His mum Zoe Nelson said: "We were talking about the bombing and Sam said he wanted to do something for the police.
"He's such a positive child and he wanted to make things a little better for the officers by taking along some doughnuts to the station.
"The officers were really touched by the gesture and said it had been great for their morale to know that young children valued their work."
Officers were keen to recognise Sam's thoughtfulness and arranged a surprise day out in a police 4x4 vehicle.

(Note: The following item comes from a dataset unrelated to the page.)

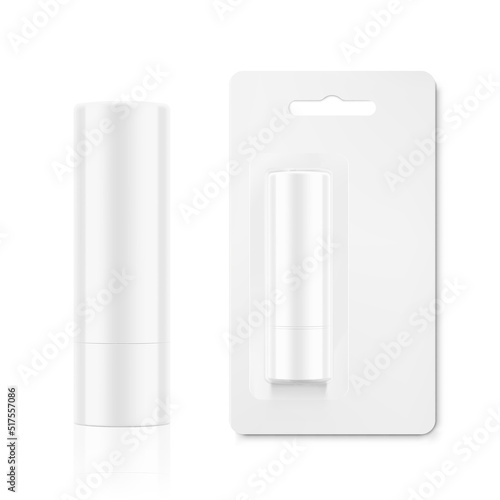 Lip balm with blister. Vector illustration isolated on white background. Ready for your design. EPS10.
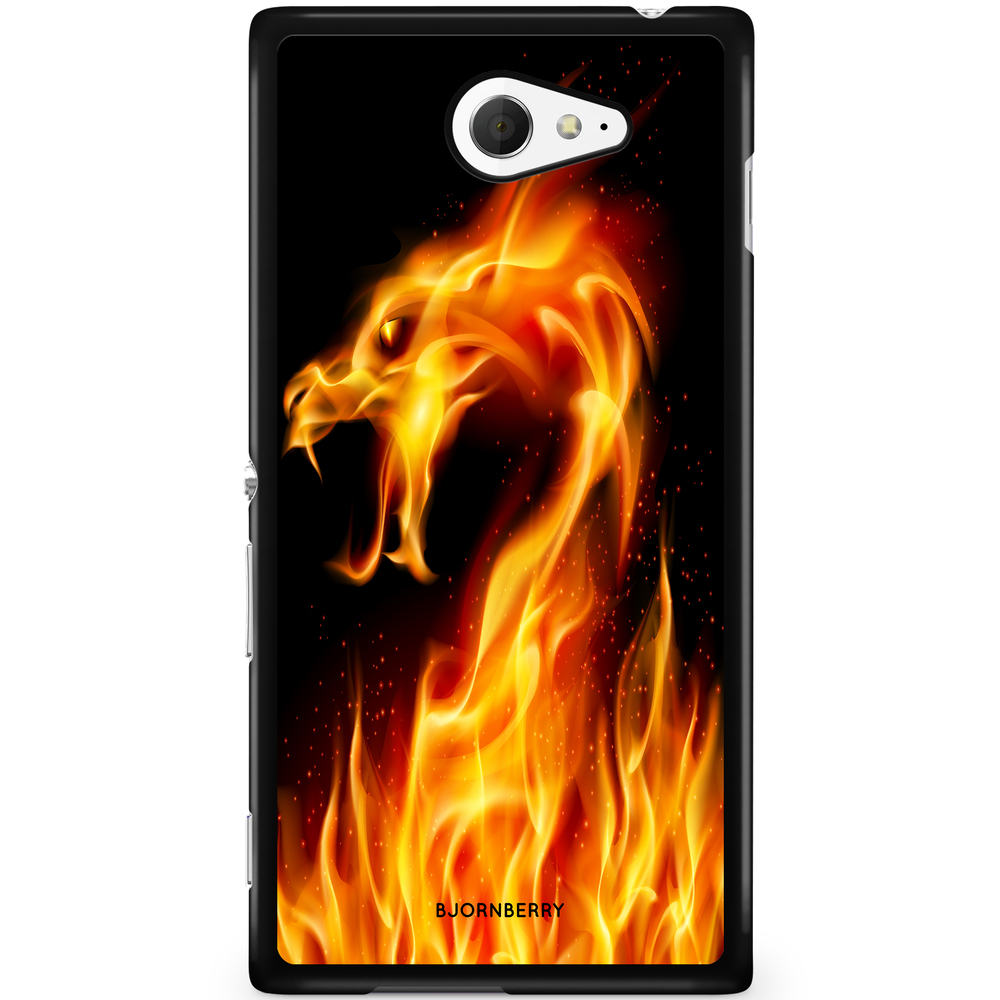 Sony Xperia M2 Aqua Case - Flames Dragon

A police spokesman who described Sam as an "inspiration" said: "Following the recent terror attacks, Sam, approached one of our officers and gave him three packets of doughnuts and said - 'I like the Police and I wanted to cheer you up and make you smile.'
"All Sam wanted was a photo with one of our officers, well, we thought we could do better than that.
"We took a 4x4 police vehicle and took Sam for a little spin. To say he was excited is an understatement.
"We also took a bag containing a police cadet cap and t-shirt and other goodies."
Sam, who is described by his mother as "always smiling", has now been inspired by his experience to run a treadmill challenge to help fire fighters who have been affected by the Grenfell Tower tragedy.
His mother said: "Sam struggles to go on the treadmill due to his physical difficulties. But he is really positive. He had a cast put on his leg recently and the first thing he asked was if he could continue with his challenge.
"The challenge really helps him to keep moving."
Sam has already completed a challenge which raised £350 for a 'buddy bench' - where lonely children can sit in order to make friends at his school.